Yet, despite the unrelenting violence against villagers, local leaders and campaigners have complained that the police did precisely nothing to protect their safety.
o the contrary the villagers’ legal representatives found that instead the company had started mounting cases against them, denouncing them in the courts for incitement.
After months and years, during which local people were forced to stand their ground without the support of the forces of law and order, campaigners believe that the owners of Tung Huat Plantations came to the conclusion that they could act with impunity.
And in the case of the fugitive Dato’ Lee Chee Kiang it appears from the present charges that he decided that he could threaten the main political campaigner against his plantation and then order that those threats be carried out.
Sarawak Report has been told by those with knowledge of the case that Lee Chee Kiang had started asking around for local mercenaries in the absence of any police action against the earlier outrages, which had plainly been carried out by those associated with his company.
It is alleged that Lee approached Lie Chang Loon (one of the two in custody), who in turn sub-contracted the shooting to Mohamad Fitri Pauzi (also now apprehended and charged).
Yet, when the two men were brought to court yesterday and remanded on these charges there was no mention by the jubilant police force of the names of the other suspects they are hunting. Nor did the local papers name the key suspect for commissioning the crime, although they too have had access to the charge sheet information.
All the Borneo Post dared hint was that “A Dato’ ‘Mastermind’ is on the run“!
“Lie was charged together with one Lee CK and two others still at large for abetting Mohamad Fitri in the commission of the murder of the activist”
was the only coy reference to the identity of the “mystery Dato’ from Borneo Post.
The shocking extent to which the SUPP/BN political connections of this suspected gangster, Lee Chee Kiang, continues to protect him in Sarawak could not be clearer than the failure to even name him as the prime suspect in this murder.
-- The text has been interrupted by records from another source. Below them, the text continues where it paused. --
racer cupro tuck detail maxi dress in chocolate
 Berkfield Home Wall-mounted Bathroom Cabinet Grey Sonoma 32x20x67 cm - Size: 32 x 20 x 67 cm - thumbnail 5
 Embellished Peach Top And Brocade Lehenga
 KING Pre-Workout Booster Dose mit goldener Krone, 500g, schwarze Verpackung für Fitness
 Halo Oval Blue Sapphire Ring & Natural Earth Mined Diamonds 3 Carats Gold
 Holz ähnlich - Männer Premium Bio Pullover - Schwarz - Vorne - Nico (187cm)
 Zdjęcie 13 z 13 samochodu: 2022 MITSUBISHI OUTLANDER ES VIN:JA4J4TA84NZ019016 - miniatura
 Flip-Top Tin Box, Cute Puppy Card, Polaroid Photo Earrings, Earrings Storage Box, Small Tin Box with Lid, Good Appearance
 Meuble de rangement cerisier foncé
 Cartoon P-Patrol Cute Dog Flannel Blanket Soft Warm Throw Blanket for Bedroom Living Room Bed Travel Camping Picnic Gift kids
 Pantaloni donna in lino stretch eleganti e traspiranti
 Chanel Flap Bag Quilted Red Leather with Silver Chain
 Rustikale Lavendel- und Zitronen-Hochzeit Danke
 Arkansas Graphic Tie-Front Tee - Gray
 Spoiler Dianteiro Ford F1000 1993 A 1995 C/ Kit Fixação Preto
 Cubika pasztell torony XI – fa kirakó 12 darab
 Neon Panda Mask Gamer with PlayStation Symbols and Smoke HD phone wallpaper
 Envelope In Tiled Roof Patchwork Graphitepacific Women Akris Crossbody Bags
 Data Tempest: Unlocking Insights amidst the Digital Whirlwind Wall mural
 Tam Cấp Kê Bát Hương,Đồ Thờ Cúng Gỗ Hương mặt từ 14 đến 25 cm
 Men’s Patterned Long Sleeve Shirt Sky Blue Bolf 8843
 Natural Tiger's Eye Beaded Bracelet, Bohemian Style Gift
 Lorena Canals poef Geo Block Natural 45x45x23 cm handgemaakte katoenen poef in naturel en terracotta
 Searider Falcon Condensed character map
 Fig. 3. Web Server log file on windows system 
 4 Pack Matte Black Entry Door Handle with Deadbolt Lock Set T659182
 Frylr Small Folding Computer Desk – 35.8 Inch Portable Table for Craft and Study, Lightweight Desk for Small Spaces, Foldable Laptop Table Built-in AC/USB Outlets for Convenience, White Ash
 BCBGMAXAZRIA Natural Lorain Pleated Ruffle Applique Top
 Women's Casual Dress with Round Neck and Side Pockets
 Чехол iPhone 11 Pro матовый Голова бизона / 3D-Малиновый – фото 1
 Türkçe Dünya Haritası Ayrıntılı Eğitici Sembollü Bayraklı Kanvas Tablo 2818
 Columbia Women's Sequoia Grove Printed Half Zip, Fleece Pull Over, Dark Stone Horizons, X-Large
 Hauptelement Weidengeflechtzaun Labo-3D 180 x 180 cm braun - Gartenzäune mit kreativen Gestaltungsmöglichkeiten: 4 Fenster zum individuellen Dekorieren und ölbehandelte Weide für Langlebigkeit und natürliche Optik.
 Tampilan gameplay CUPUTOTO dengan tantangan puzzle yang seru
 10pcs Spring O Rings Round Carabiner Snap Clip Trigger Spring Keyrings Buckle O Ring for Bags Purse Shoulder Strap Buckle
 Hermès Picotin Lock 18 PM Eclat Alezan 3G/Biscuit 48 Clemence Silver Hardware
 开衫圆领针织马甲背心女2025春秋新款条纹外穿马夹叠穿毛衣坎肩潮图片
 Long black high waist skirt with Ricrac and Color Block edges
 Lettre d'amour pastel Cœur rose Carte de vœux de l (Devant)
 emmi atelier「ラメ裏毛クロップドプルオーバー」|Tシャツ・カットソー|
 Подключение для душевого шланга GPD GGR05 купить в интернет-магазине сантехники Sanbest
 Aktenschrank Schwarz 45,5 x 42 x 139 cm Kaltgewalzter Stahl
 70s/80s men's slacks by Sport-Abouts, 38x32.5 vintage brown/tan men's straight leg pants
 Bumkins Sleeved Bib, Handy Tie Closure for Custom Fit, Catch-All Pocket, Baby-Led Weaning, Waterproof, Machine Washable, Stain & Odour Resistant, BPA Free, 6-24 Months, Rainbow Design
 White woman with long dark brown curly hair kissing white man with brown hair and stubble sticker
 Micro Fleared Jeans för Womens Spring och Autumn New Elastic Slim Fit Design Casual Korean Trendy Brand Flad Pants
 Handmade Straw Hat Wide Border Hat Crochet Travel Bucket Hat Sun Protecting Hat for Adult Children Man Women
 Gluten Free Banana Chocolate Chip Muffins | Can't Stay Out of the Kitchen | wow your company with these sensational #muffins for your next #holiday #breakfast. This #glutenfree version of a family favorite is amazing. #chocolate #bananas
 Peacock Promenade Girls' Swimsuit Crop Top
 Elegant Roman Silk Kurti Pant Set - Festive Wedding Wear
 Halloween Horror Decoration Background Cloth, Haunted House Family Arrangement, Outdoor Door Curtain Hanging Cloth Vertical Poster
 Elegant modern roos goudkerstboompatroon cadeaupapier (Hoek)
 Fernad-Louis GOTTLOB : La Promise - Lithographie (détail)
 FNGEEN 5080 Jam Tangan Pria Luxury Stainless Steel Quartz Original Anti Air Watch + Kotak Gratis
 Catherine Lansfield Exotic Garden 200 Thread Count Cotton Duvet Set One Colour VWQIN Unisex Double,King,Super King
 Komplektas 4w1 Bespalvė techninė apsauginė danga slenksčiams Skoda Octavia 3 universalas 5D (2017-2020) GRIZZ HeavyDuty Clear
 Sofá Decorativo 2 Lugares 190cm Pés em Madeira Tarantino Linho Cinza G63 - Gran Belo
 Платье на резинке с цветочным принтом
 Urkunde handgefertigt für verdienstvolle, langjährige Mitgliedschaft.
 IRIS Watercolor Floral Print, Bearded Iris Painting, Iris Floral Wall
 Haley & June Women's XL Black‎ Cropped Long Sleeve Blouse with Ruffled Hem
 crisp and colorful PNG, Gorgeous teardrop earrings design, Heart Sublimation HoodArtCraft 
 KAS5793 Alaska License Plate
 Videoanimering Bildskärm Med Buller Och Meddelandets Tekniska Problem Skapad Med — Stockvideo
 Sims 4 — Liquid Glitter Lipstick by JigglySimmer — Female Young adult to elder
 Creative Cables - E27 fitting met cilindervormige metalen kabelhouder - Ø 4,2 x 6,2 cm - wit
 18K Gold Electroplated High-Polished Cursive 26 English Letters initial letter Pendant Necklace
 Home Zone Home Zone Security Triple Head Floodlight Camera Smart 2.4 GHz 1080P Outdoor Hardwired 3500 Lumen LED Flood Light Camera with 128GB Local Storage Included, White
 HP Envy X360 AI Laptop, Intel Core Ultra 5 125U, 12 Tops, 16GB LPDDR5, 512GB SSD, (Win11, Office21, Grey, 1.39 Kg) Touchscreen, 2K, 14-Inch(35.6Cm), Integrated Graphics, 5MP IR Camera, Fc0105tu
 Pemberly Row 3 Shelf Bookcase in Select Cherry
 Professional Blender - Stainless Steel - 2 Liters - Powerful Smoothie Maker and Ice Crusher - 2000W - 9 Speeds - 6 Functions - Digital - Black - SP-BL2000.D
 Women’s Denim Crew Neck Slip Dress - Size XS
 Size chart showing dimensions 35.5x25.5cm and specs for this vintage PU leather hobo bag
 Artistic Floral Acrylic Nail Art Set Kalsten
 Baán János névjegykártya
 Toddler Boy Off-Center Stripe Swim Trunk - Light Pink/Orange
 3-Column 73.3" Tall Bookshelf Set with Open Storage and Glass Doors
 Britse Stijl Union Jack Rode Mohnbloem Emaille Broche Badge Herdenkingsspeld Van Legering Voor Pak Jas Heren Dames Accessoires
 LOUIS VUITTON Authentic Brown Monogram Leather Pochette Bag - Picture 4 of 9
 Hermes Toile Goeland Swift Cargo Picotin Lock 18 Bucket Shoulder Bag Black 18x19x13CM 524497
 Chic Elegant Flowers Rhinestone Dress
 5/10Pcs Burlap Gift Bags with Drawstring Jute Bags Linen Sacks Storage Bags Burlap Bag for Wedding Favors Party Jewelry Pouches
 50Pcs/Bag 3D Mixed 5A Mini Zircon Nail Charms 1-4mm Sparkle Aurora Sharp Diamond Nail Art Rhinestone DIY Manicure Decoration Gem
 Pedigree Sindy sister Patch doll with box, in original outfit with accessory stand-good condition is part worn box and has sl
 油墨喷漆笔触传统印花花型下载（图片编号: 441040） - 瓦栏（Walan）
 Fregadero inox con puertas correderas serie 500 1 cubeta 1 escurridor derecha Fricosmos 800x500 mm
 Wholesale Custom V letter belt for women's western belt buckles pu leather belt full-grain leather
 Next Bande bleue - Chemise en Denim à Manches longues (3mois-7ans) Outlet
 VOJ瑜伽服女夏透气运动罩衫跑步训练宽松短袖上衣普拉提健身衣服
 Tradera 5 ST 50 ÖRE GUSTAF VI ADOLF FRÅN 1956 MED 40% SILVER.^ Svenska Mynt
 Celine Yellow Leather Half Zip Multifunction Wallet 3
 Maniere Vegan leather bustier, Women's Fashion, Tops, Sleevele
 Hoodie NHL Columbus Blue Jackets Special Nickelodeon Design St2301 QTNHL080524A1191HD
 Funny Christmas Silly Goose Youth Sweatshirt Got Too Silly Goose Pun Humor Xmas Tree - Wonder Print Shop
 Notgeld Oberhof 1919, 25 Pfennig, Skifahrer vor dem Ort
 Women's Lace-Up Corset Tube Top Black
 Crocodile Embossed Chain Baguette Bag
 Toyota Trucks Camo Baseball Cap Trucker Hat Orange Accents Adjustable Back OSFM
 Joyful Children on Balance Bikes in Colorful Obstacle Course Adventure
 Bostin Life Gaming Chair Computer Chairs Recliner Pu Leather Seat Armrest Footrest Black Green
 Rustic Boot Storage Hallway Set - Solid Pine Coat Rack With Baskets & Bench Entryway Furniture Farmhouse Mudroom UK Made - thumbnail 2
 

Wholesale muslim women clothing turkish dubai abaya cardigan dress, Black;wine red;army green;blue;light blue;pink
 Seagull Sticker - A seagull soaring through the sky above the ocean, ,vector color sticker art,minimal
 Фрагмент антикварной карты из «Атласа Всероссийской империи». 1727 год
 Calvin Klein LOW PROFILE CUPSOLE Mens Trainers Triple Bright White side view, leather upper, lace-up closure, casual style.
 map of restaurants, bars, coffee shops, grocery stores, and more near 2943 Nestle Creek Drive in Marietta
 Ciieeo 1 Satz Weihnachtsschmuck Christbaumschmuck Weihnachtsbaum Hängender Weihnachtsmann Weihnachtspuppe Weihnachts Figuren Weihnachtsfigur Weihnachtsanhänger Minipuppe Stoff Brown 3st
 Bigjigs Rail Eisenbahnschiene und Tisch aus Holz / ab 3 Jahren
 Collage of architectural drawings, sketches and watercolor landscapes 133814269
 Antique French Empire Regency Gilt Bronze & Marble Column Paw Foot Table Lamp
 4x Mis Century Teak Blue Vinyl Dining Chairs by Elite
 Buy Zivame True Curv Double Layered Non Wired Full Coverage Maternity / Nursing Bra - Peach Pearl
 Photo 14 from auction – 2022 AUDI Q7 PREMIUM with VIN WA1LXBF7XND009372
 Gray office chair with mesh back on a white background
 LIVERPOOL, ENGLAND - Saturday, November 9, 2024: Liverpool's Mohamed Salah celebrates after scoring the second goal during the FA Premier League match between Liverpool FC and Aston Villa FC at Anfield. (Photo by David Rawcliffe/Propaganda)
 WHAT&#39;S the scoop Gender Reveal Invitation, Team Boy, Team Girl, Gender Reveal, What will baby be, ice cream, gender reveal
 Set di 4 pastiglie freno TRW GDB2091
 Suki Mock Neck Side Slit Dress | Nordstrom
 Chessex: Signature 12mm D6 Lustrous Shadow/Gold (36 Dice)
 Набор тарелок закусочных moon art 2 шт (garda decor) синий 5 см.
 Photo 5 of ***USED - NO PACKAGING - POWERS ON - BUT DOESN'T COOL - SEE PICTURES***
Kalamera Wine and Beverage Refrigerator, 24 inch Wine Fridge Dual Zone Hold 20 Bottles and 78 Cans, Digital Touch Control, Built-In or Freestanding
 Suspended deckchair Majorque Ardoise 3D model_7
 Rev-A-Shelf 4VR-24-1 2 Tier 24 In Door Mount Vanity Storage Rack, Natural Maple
Meanwhile, Sarawak Report has obtained the above picture of the very man accused of pulling the trigger, earlier standing side by side with the former SUPP boss Peter Chin on the BN campaign trail. The tall and muscular hit man, Mohamad Fitri Pauzi, has his arm draped over the shoulder of his political leader in a gesture of close affection.
Had the young man seen his contract to eliminate a charismatic opposition figure, who was getting in the way of the financial interests of SUPP-connected figures, as somehow part of a political mission in Sarawak?
It is time that the rulers of the state end their deafening silence over the shocking circumstances of this case and denounce the politically connected company, which benefited from the failure of the police to stand up to their criminal behaviour.
It is also time that Peter Chin spoke out to clarify SUPP’s position with relation to the Tung Huat Plantation company – in particular does he or any other SUPP politician hold shares or interests (or nominee shares or interests) in this company and, if not, why does he believe the police have for years failed to address its gangster activities against the locals whom SUPP are supposed to represent?
Finally, it is high time that the violent intimidation of the natives of Sarawak by greedy companies, who have raped their lands with the full support and backing of the political establishment, was ended.
Chief Minister Adenan Satem has claimed he wants more autonomy, but what hope is there for natives that their interests will be any better protected by a stronger state government, which has allowed such a state of affairs to develop?